Reports - standard reports are produced on request, daily, weekly, monthly. All clients' reporting requirements not yet handled will be specified during due diligence, and will be included with Medware when deployed or shortly thereafter.

What accounting system do you use?

Medware does not handle scheme general ledger requirements internally, but instead interfaces to a variety of standard accounting packages. As part of the due diligence process, NHA will work with the client to interface to the client's choice of packages, and may, at the client's request, recommend packages with which our clients have had great success.

How long does it take to go live?

The target LIVE data is usually determined by signature of the contract and is typically three months from conclusion of contract until LIVE.

After contract signature, NHA will conduct a more detailed on-site investigation which should last between two and four weeks. This phase allows our team a more thorough look at all the current processes, procedures, paper trails and data availability, cleanliness and richness. This will help us to determine any "gaps" and therefore what customisation is required. This phase includes a technical inspection of all equipment and infrastructure to determine any other hardware and software requirements.

As output to this phase, a detailed project plan will be developed highlighting the areas of customisation, data take-on, training, hardware and software required.

Immediately after this NHA will begin with a data take-on from the old system into Medware. We would require detailed data maps and availability of existing data, and would work with existing IT people ...

The last phase pre-live is dedicated to training, running in parallel including payment runs, detailed data cross checks between old and new, and further customisation. In these months all the "missing" hardware and software to enable the Medware system will be configured and installed.

How is security maintained?

Technical Security:
The main server and image servers can be located behind existing firewalls. The information supplied for the web is not directly exposed to the internet, but is requested and delivered through defined sockets (similar to ODBC) between the web server and HP3000 and other servers as required.

Access to the HP3000 is via the proprietary logon security system and will only be available from the LAN.

The website can make use of certification and https encryption at very little cost and inconvenience to web users.

Medware Security:
All claims are fully assessed against a set of prices or tariffs. Claims that exceed those prices (by a user-defined percentage) are highlighted, and require assessor intervention.

All forced claims are logged as such, along with the reasons why they were forced. Staff are assigned a user level, and error messages are pegged at certain levels, enabling fine control over staff functions and capabilities throughout the system.

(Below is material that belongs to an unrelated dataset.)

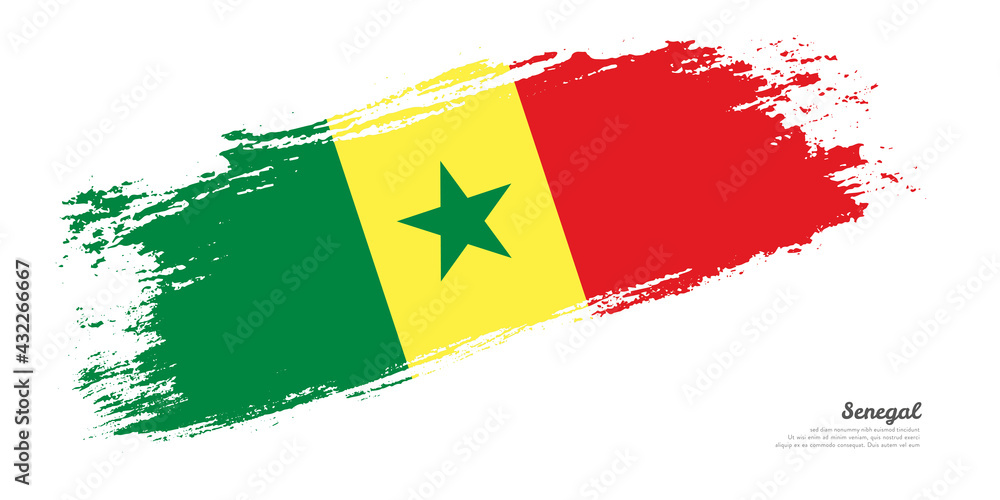 Obraz premium Hand painted brush flag of Senegal country with stylish flag on white background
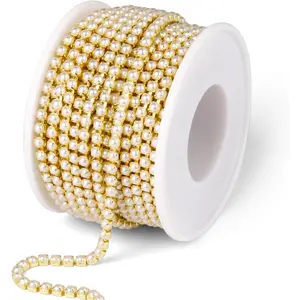Pearl Trim Close Chain 10 Yards 3.0MM Gold Pearl Beaded Cup Chain Applique Trim for Sewing Crafts DIY Jewelry Making Clothing Wedding Party Decoration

All changes to data are logged along with date time and user, before and after values, and these form a powerful tool for managing the audit process.

Reports exist that highlight outlying transaction values (higher than threshold claims, etc).

How is training handled?

Training will take place on site, and will form part of implementation and customisation.

Our philosophy here is to train all staff to use Medware in an offline, dedicated environment, and we would request the client to provide facilities for 8 - 10 staff per session.

Trainers will be drawn from NHA's 100 staff members.  User manuals exist, and are used as work books during training, and are retained by the staff.

Onsite IT personnel act as backup and reinforcement following training.

We have dedicated user liaison staff in Gauteng, and these people rove between sites monitoring user access and usage of Medware and attending to ongoing training requirements.